Drillers’ less-than-enthusiastic response to New York is chronicled in the article, which points out Talisman Energy, one of the state’s largest leaseholders in the Marcellus region, moved its U.S. headquarters from Chemung County, NY to Pittsburgh. Seneca Resources, the drilling arm of National Fuel Gas, also moved from Buffalo to the Pittsburgh region. And Seneca says they have no plans to lease land in the NY Marcellus at this time. There are many smaller drillers in New York who are struggling and laying off workers because shale gas drilling hasn’t yet happened.

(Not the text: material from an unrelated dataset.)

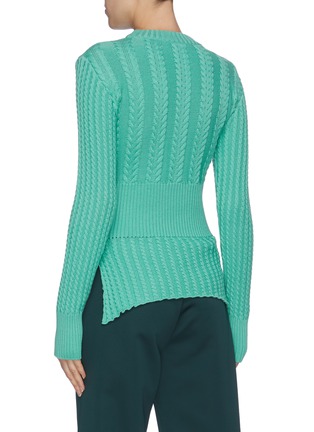 Back View - Click To Enlarge - MAGGIE MARILYN - 'The Rufus' asymmetric Merino wool cable knit peplum sweater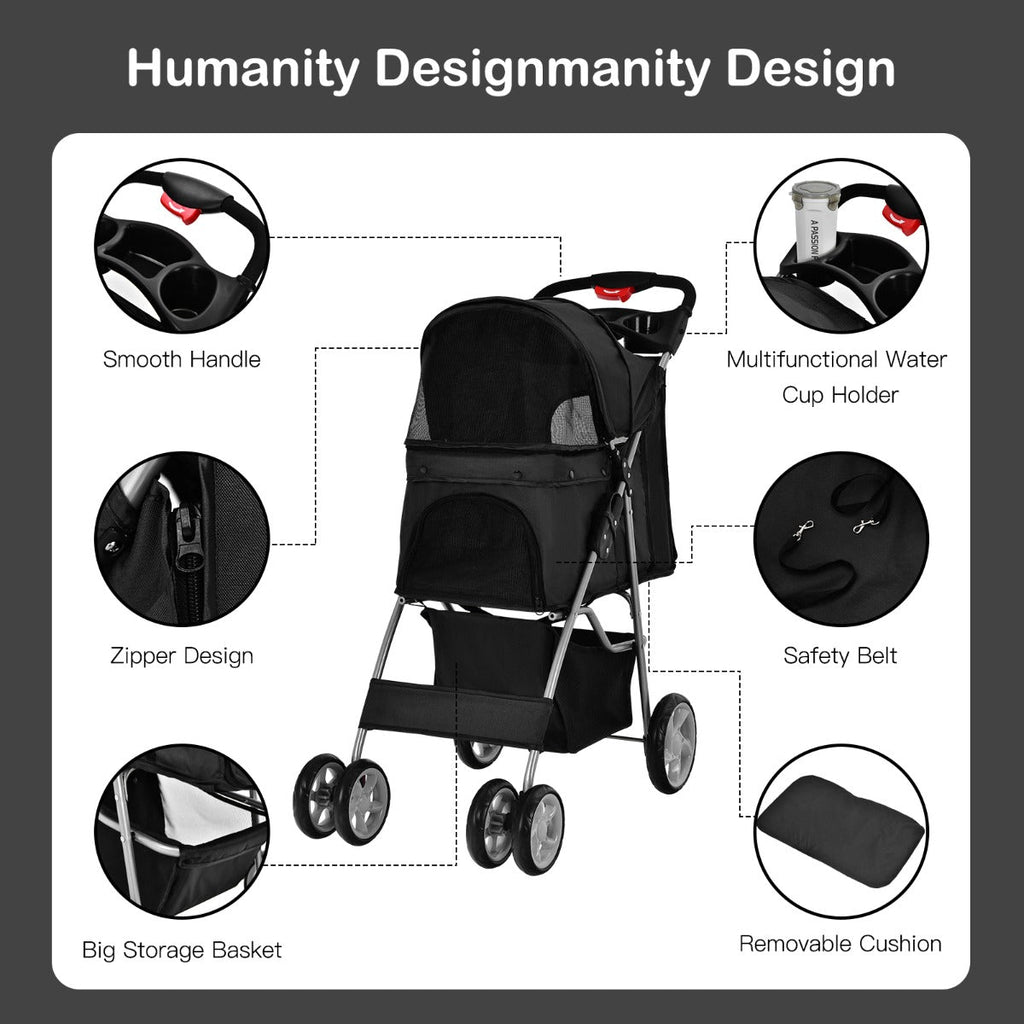 NNECW 4-Wheel Folding Pet Stroller with Mesh Windows &amp Storage Basket-Black-4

But the fact that drilling is still not allowed—the waiting—isn’t the only reason drillers are not enthusiastic about New York:

They’re also concerned about the strict environmental regulations the state has proposed, which will be discussed at the upcoming public hearings.

Raising the most concern are the “setback requirements,” which ban all drilling within 4,000 feet of the New York City and Syracuse watersheds, within 2,000 feet of any public water supply and 500 feet of any primary aquifer.

While the DEC argues that those rules would leave 85 percent of the state’s portion of the Marcellus Shale open to fracking, other research puts the figure at less than 40 percent, said Cathy Kenny, associate director of the New York Petroleum Council.

The setback requirements would make it more difficult for gas companies to find sites for productive wells while increasing drilling costs, industry experts said.

That raises a hugely important question.

With natural gas prices falling almost by half in recent years thanks to the huge supplies pouring out of Pennsylvania’s part of the Marcellus Shale, will drilling in New York be too expensive to bother with?

“Right now, we’re going to be uncompetitive out of the gate,” conceded Gill, of the Independent Oil and Gas Operators Association.

Of course, to environmentalists, that would be a blessing.

“New York is just not ready to take on a large-scale industrial process such as this,” said Sarah Eckel, legislative and policy director for Citizens Campaign for the Environment.

But those allied with the oil and gas industry see things differently.

[Tom] West, the gas industry lawyer, said that years from now, “The way New York has handled this will be perceived as an economic blunder.”*

*Buffalo News (Nov 13, 2011) – Fracking boom could go bust in N.Y.